---
title: "Germany's Drinks Makers Fight a Planned Sugar Tax"
description: "More than 300 beverage companies — Coca-Cola and Carlsberg among them — have signed an open letter opposing Germany's planned tax on sugary soft drinks, calling it a costly burden that won't fix public health. Backers, citing Britain's experience, say such levies mainly push companies to cut sugar."
category: "Companies"
category_url: https://boursel.com/category/companies
author: "Sofia Marchetti"
published: 2026-06-30T14:44:20.000Z
updated: 2026-06-30T14:44:20.000Z
canonical: https://boursel.com/article/germany-s-drinks-makers-fight-a-planned-sugar-tax
tags: ["germany", "sugar-tax", "beverages", "regulation", "companies"]
---
# Germany's Drinks Makers Fight a Planned Sugar Tax

More than 300 beverage companies — Coca-Cola and Carlsberg among them — have signed an open letter opposing Germany's planned tax on sugary soft drinks, calling it a costly burden that won't fix public health. Backers, citing Britain's experience, say such levies mainly push companies to cut sugar.

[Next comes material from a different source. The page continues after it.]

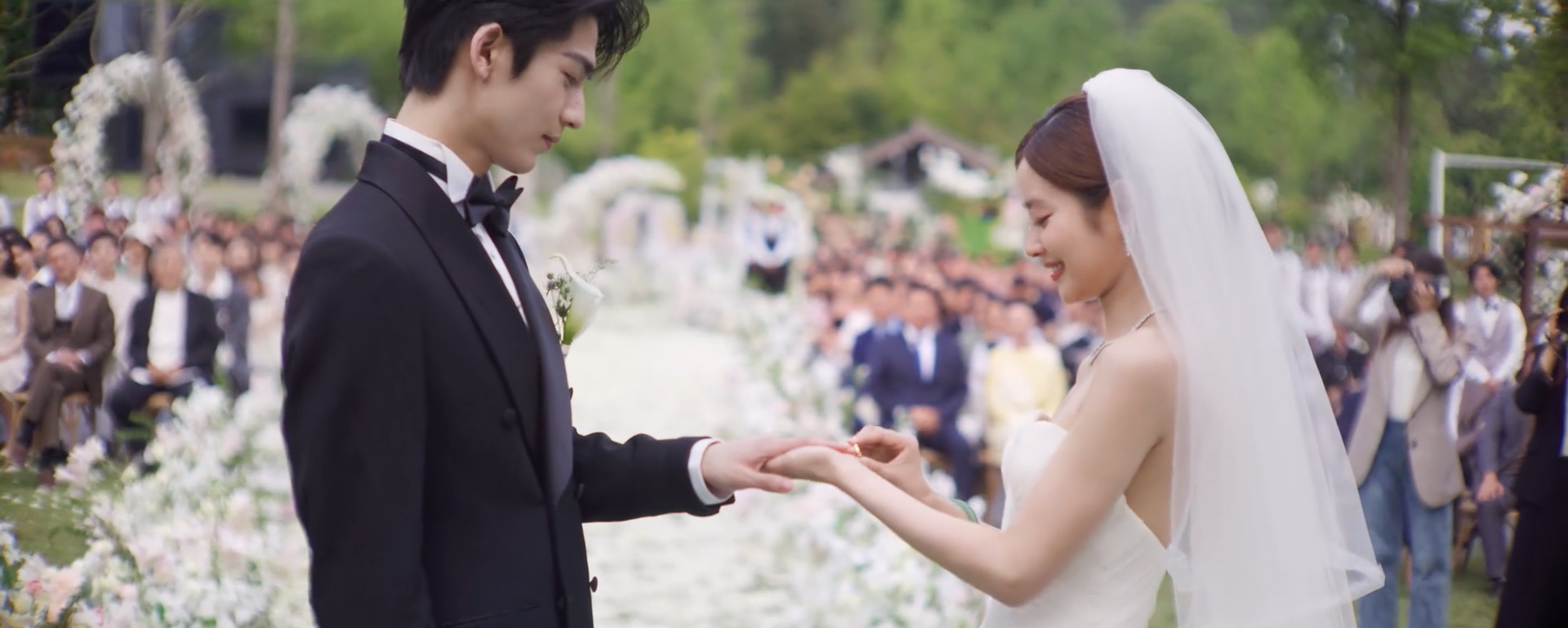 Shen Xifan and He Suye exchange Chopard Ice Cube wedding rings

A familiar fight over fizzy drinks has reached Germany. **More than 300 beverage companies** have signed a joint open letter opposing the government's planned **sugar tax** on soft drinks, [Yahoo Finance reported](https://finance.yahoo.com/economy/policy/articles/drinks-companies-hit-germany-sugar-131853029.html) — arguing it would pile costs on businesses and consumers without delivering the promised health gains.

## The plan

Germany's government has moved to introduce a **tax on sugar-sweetened drinks**, with reports of a draft approved earlier this year and implementation targeted for around **2028.** It's designed as a **tiered levy based on sugar content** — modelled on **Britain's** soft-drinks levy — and is expected to raise on the order of **hundreds of millions of euros a year** to help fund the health system. (Exact structure and timing are as reported; treat specifics as provisional.) The stated goal is public-health: **cut sugar intake** and the obesity and diabetes that follow.

## The industry's case

The signatories — reportedly including **Coca-Cola, Capri-Sun, Carlsberg and Paulaner**, plus German beverage trade groups — framed their objection in **economic** terms. They called it a heavy **additional burden** on companies and consumers "during economically challenging times," argued the revenue projections are **overstated** and collection costs **understated**, and said many makers are **small and mid-sized family firms** already squeezed by higher energy, packaging and labor costs. Their bottom line: a tax "might partially influence consumption, but it will not achieve a lasting improvement in public health."

## What the evidence says

The crucial question — do sugar taxes work? — has a real-world test case: the **UK's Soft Drinks Industry Levy**, introduced in 2018. Its most striking effect wasn't higher prices but **reformulation**: faced with the levy, manufacturers **cut the sugar** in their drinks, and [a large majority of products dropped below the tax threshold](https://www.wcrf.org/about-us/news-and-blogs/looking-back-at-5-years-of-the-uk-soft-drinks-industry-levy/) within a couple of years. Studies have linked the UK levy to **less sugar purchased** from soft drinks and some measurable **health benefits**, especially among children — though some research suggests the effect can **fade** over time as habits adjust. The design lesson: these levies are built to **nudge companies to change recipes**, not simply to raise money.

## The business angle

For big multinationals like **Coca-Cola and PepsiCo**, a German levy is less an existential threat than part of a **spreading trend**: health-related taxes are becoming a routine policy tool across Europe and beyond. The companies have **reformulated before** and can do so again — but they resist new taxes on principle, preferring **voluntary** measures and warning of costs. The practical upshot tends to be **lower-sugar recipes** and some price and margin adjustment, rather than a collapse in sales.

## Why it matters

For **Germany**, it's a test of whether **public-health goals** override industry objections — and notably, surveys suggest a **majority of Germans back** a sugar levy, which may matter more politically than the corporate pushback. For the **beverage industry**, it's another data point in a global shift toward **taxing sugar**, and a reminder that **reformulation and regulatory risk** are now permanent features of the business. And for other European governments weighing similar moves, Germany — Europe's largest economy — will be a closely watched **bellwether.** Boursel takes no side on the policy; the takeaway is that the **sugar-tax model**, pioneered elsewhere, is now landing in Europe's biggest market — and the drinks industry is fighting it the way it always has.